In this Code Pattern we will use one of the models from the Model Asset Exchange (MAX), an exchange where developers can find and experiment with open source deep learning models. Specifically we will be using the Image Caption Generator to create a web application that will caption images and allow the user to filter through images based image content. The web application provides an interactive user interface backed by a lightweight python server using Tornado.

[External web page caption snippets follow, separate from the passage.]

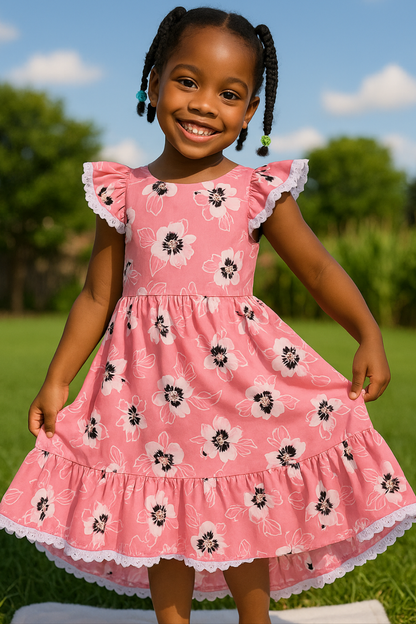 Girls’ Pink Floral Summer Dress with Ruffle Hem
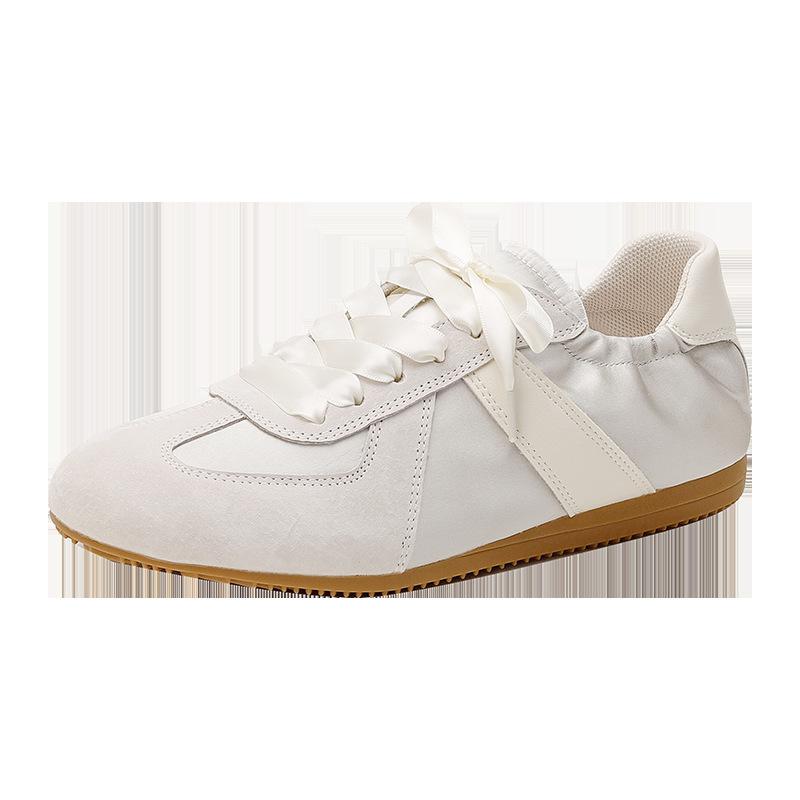 Cowhide version~ Ballet training shoes women's soft-soled splicing versatile breathable casual sports shoes leather flat-soled Forrest Gump shoes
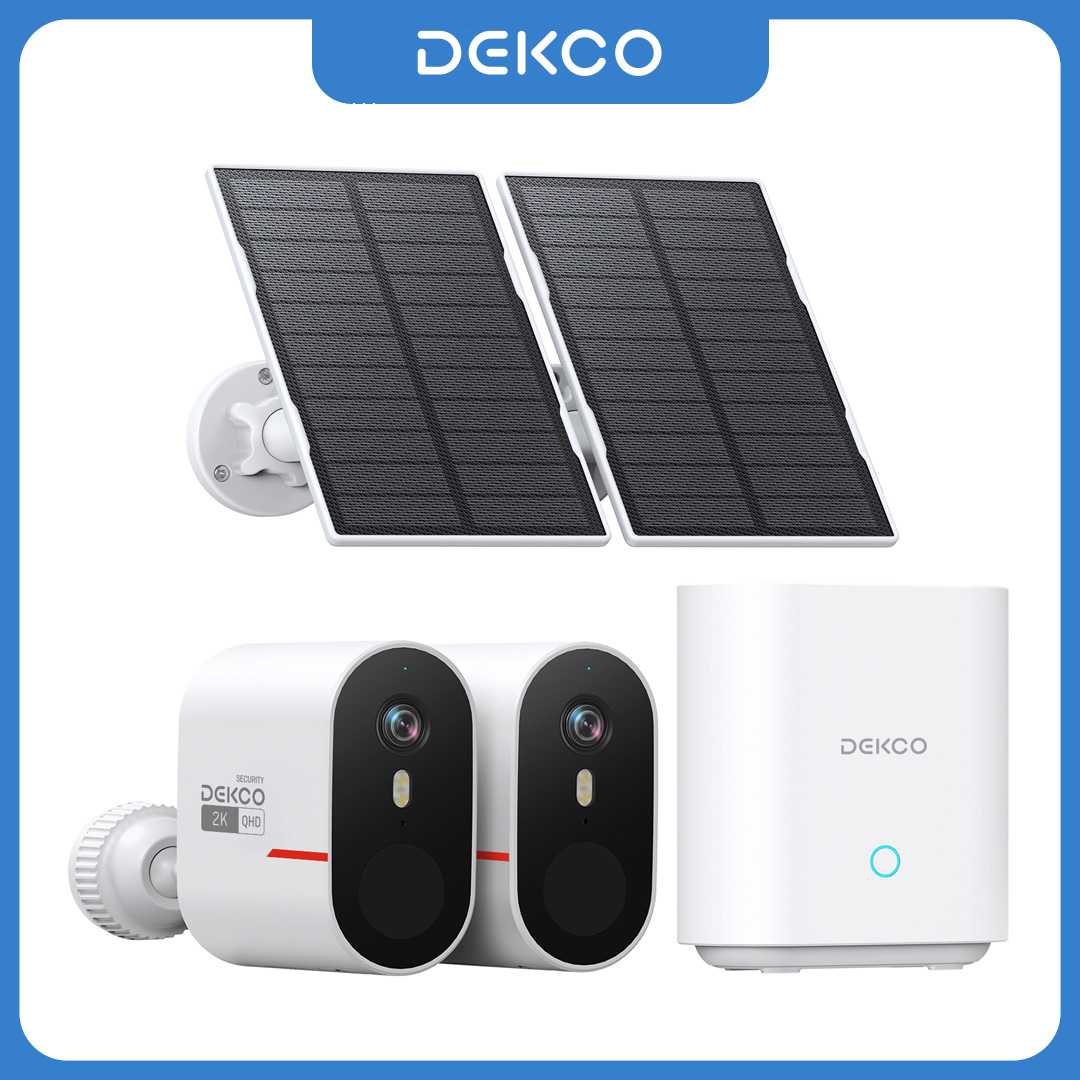 Home Security Deals - Dekco 3MP WLAN-Solarkamerasystem 2-Kamera-Set Außen Drahtlose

The server takes in images via the UI and sends them to a REST end point for the model and displays the generated captions on the UI. The model's REST endpoint is set up using the docker image provided on MAX. The Web UI displays the generated captions for each image as well as an interactive word cloud to filter images based on their caption.

When the reader has completed this Code Pattern, they will understand how to:

Build a Docker image of the Image Caption Generator MAX Model
Deploy a deep learning model with a REST endpoint
Generate captions for an image using the MAX Model's REST API
Run a web application that using the model's REST API

Flow

Server sends default images to Model API and receives caption data.
User interacts with Web UI containing default content and uploads image(s).
Web UI requests caption data for image(s) from Server and updates content when data is returned.
Server sends image(s) to Model API and receives caption data to return to Web UI.

Included Components

IBM Model Asset Exchange: A place for developers to find and use free and open source deep learning models.
Docker: Docker is a tool designed to make it easier to create, deploy, and run applications by using containers.

Featured Technologies

Python: Python is a programming language that lets you work more quickly and integrate your systems more effectively.
JQuery: jQuery is a cross-platform JavaScript library designed to simplify the client-side scripting of HTML.
Bootstrap 3: Bootstrap is a free and open-source front-end library for designing websites and web applications.
Pexels: Pexels provides high quality and completely free stock photos licensed under the Creative Commons Zero (CC0) license.

Watch the Video

The following is a talk at Spark+AI Summit 2018 about MAX that includes a short demo of the web app.

Steps

Deploy to IBM Cloud OR run locally.

Deploy to IBM Cloud

Deploy the Model

Follow the Deploy the Model Doc to deploy the Image Caption Generator model to IBM Cloud. If you already have a model API endpoint available you can skip this process.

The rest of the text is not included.